PROBLEM STATEMENT:
Pictures should be excluded; otherwise, copy every entry exactly.

EXTRACTED MATERIAL:
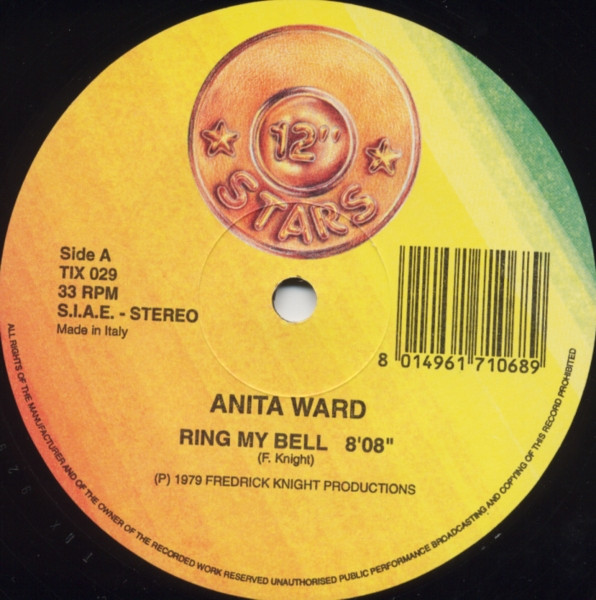 Anita Ward / B.T. Express - Ring My Bell / Do It ('Til You're Satisfied) | 12 Inch Stars (TIX 029) - 2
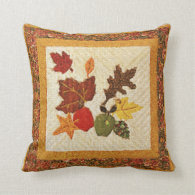 Autumn Leaves   Polyester Throw Pillow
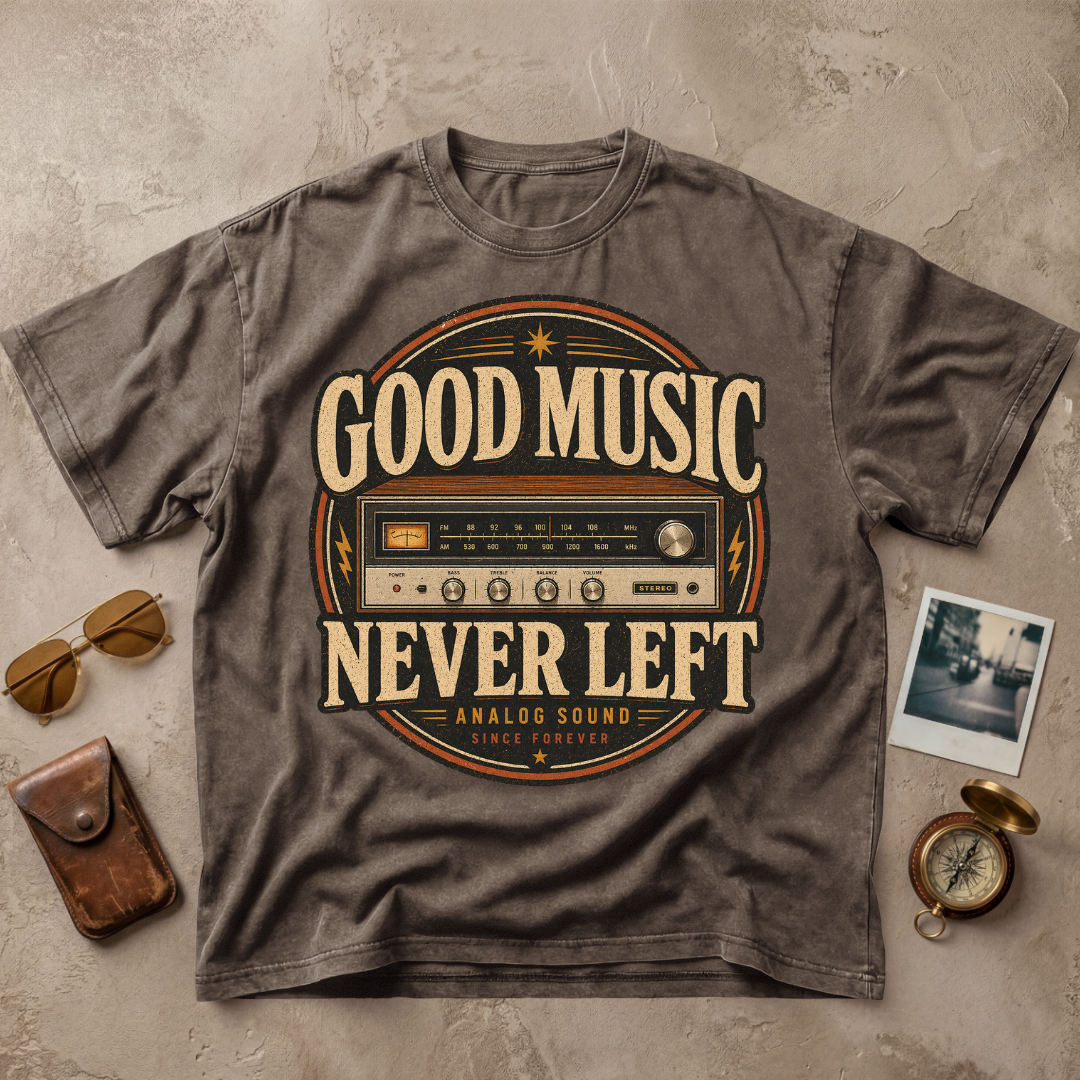 Good Music Never Left Vintage Analog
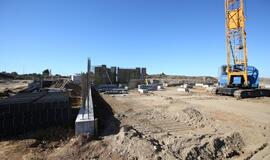 "Silberauto" automobilių centro statybų pradžia Klaipėdoje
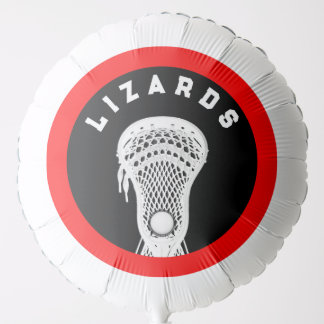 Red Lacrosse Sports Balloon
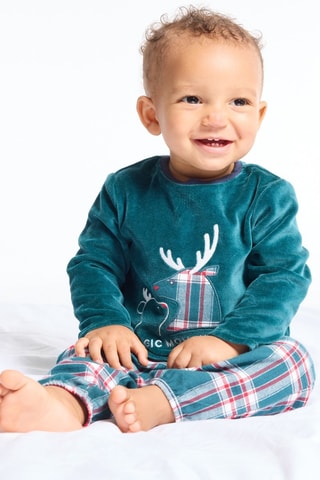 Pyjama - Donkergroen Obaïbi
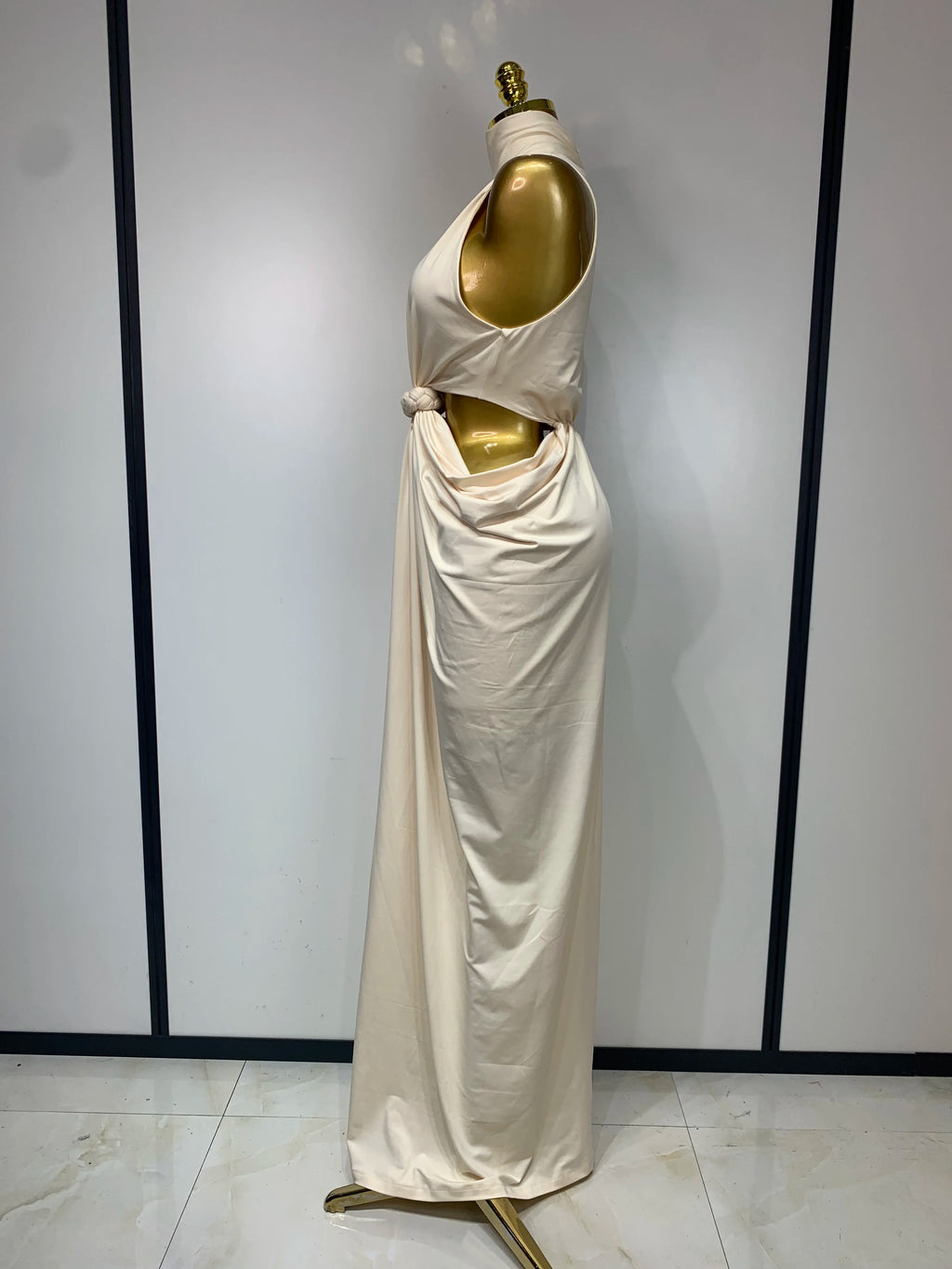 Sleeveless Cut-Out Elegant Bodycon Maxi Dress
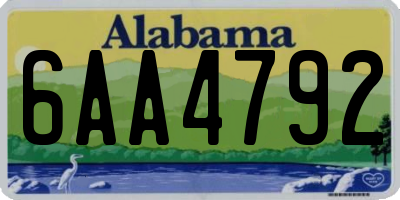 AL license plate 6AA4792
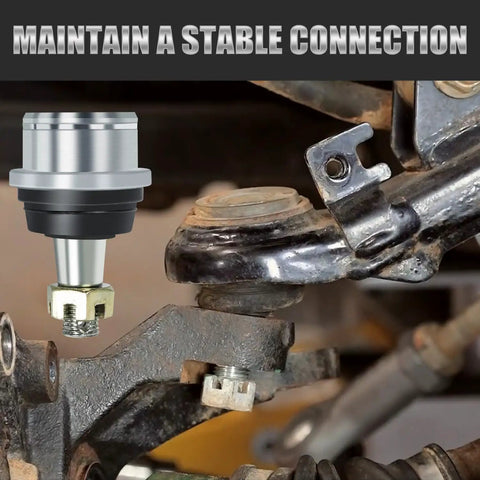 Beefed Up Front Upper And Lower Ball Joint Kit For Honda FourTrax Rancher 350 2000-2006, Rancher 400 2004-2007, Selected Rancher 420 2007-2014 Replaces 51355-HP5-601 51375-HP5-601, 4 Pack installed on ATV suspension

FINISHED TASK:
 Anita Ward / B.T. Express - Ring My Bell / Do It ('Til You're Satisfied) | 12 Inch Stars (TIX 029) - 2
 Autumn Leaves   Polyester Throw Pillow
 Good Music Never Left Vintage Analog
 "Silberauto" automobilių centro statybų pradžia Klaipėdoje
 Red Lacrosse Sports Balloon
 Pyjama - Donkergroen Obaïbi
 Sleeveless Cut-Out Elegant Bodycon Maxi Dress
 AL license plate 6AA4792
 Beefed Up Front Upper And Lower Ball Joint Kit For Honda FourTrax Rancher 350 2000-2006, Rancher 400 2004-2007, Selected Rancher 420 2007-2014 Replaces 51355-HP5-601 51375-HP5-601, 4 Pack installed on ATV suspension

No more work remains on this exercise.